私が51歳になった今感じることの一つは、子どもの頃と比べて「不便さ」がなくなったことです。
例えば、喉が渇いたらすぐにペットボトルの水を買って飲むことができます。
私が子どもの頃は、水を「買う」なんて概念もなかったし、ペットボトルも普及していませんでした。
また、夜中にお腹が空いたらコンビニに行けば、いつでも何か食べられる。
このように、小さな頃から何の不便も感じずに育ってきた世代が、「不便さ」や「困る」という感覚を持つこと自体が
難しくなっているのではないかと思います。
そして、同時に何かに「感謝する」という感覚も薄れがちです。
ゲーム一つとっても同じことが言えます。
例えば、昔の『ドラクエ』では、迷宮に入ってしまうと何時間も脱出できず、泣きそうになりながら翌朝を迎えます。
そして登校して攻略本を持っている友達を探しに行く、なんて経験もありました。
しかし今では、インターネットで答えをすぐに調べられるため、苦労する経験がほとんどなくなってしまいました。

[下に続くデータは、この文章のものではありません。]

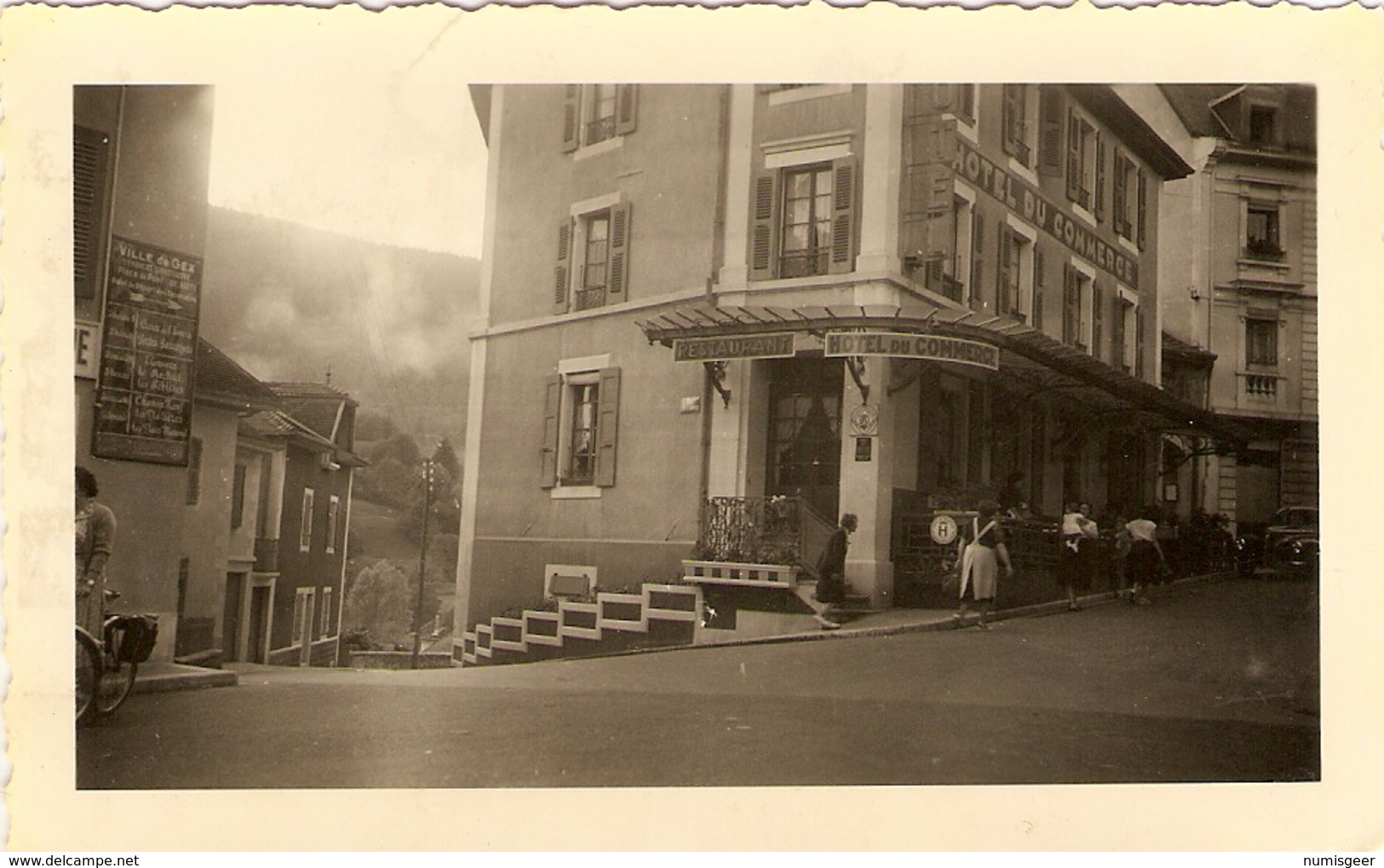 FRANCE  --  ( AINE ) - Gex  - Hôtel Du Commerce     ( Photo: Format 12 X 7.5 ) - Places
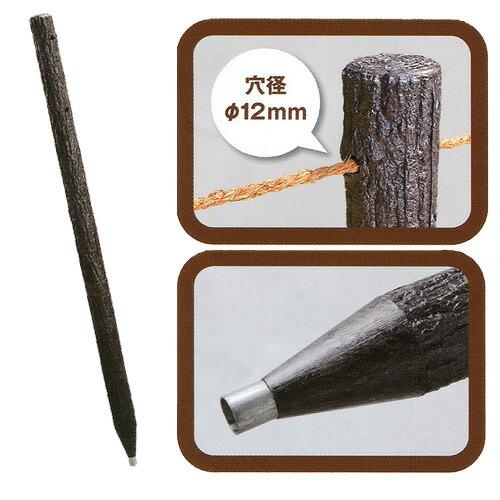 5本 擬木杭150 直径 60×1500mm 3穴付 樹脂製 擬木くい 杭 くい 支柱 園芸 ガーデニング 公園 造園 公共 工事 サンポリ 代引不可 北海道不可 個人宅配送不可 |  | 01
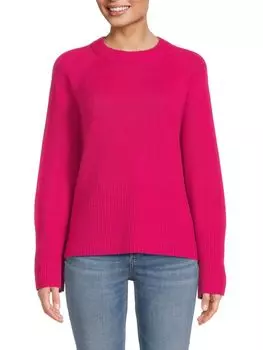 Кашемировый свитер с рукавами реглан Krystal 360 Cashmere, цвет Hibiscus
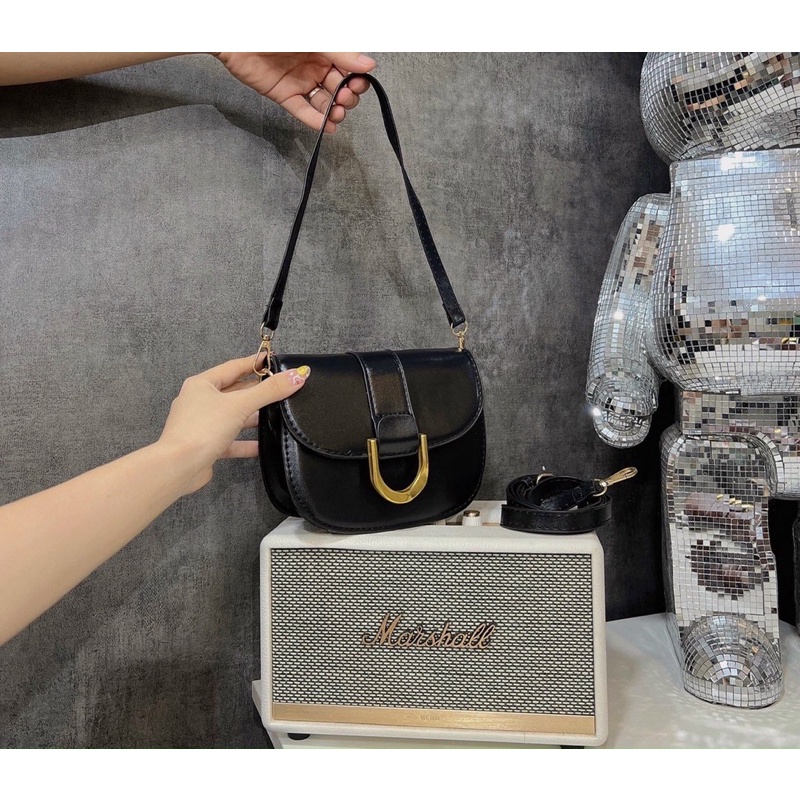 Túi xách nữ bầu đeo chéo 3 màu đẹp Hot Trend 2022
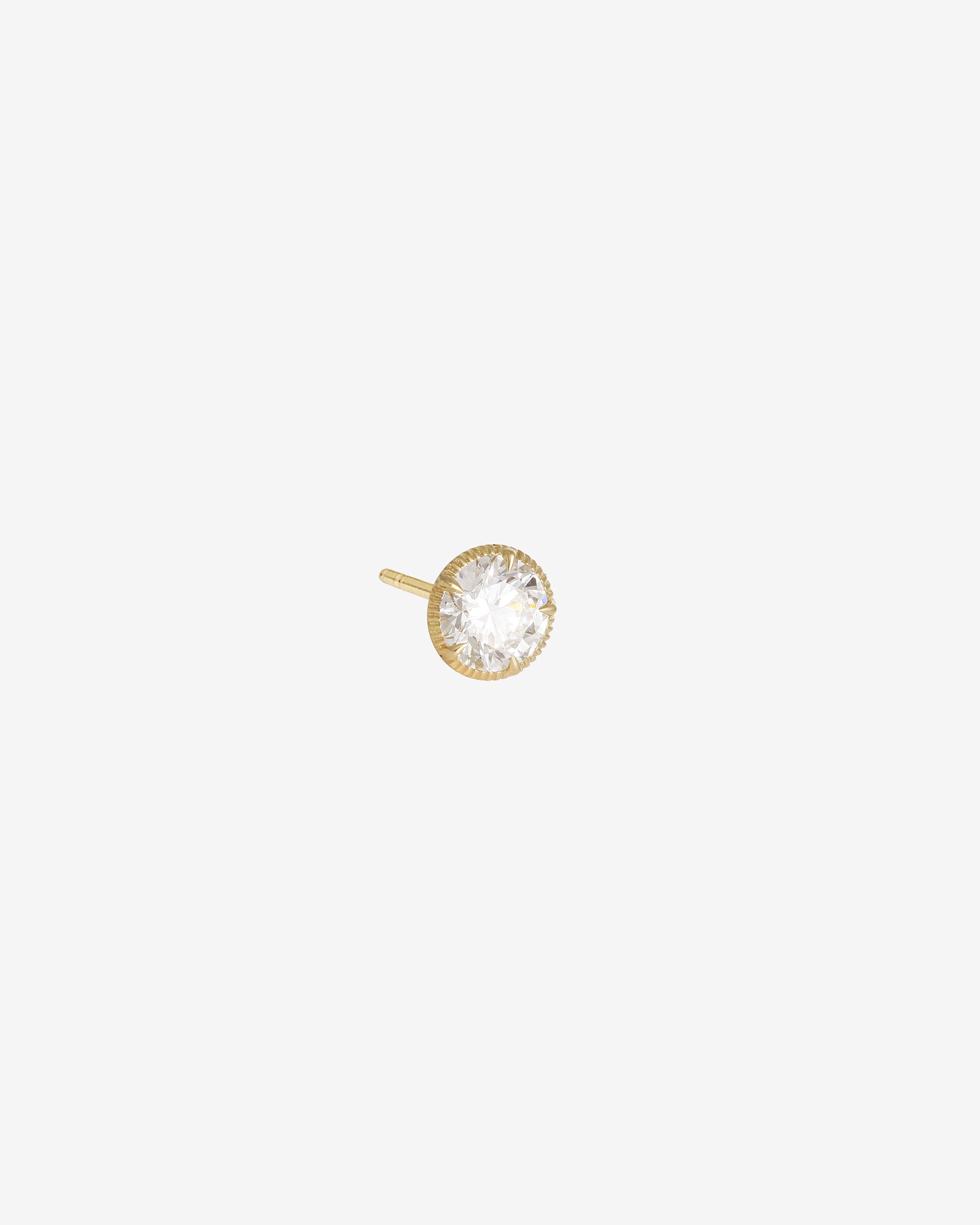 Stella 1ct Diamond Earrings Solid Gold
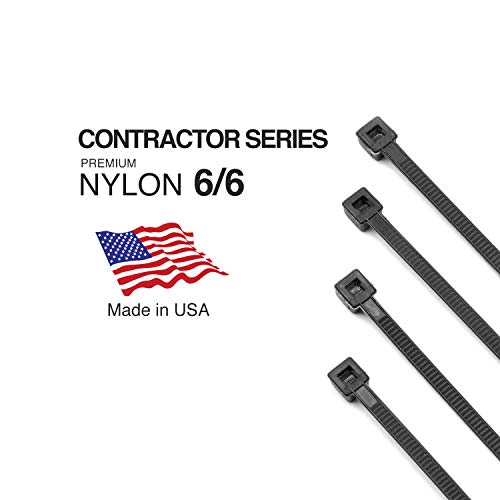 TR Industrial Contractor Series UV Cable Ties (100-Piece), 7.6", Type 21S, Made in USA - Image 2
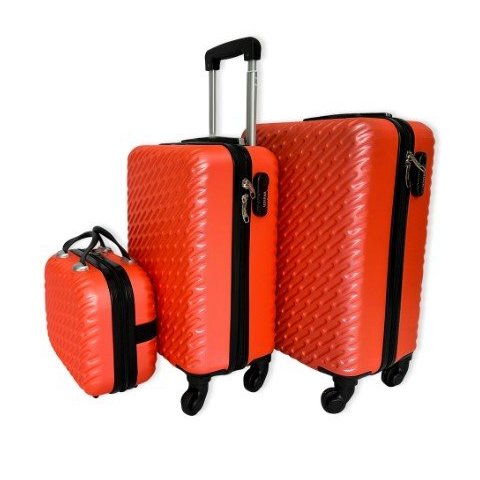 Kit De 3 Malas De Viagem Salmão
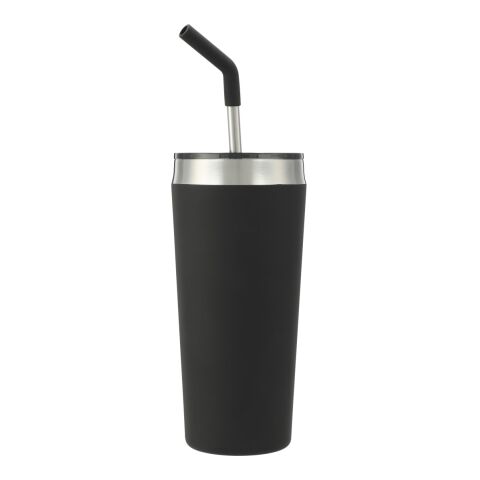 Faye 20oz Vacuum Tumbler w/ SS Straw Black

そういう背景で育った人たちが、社会に出たときに「お客様が困っていることに寄り添う」と言われても、
そもそも「困る経験」が少ないため、その感覚を持つこと自体が難しいと感じることも多いのではないでしょうか。
人材育成の難しさの一因は、こうした環境の違いにもあるのかもしれません。
≪今日の心がけ≫
お客様が何に困っているのか、相手の立場で考える時間を持ちましょう。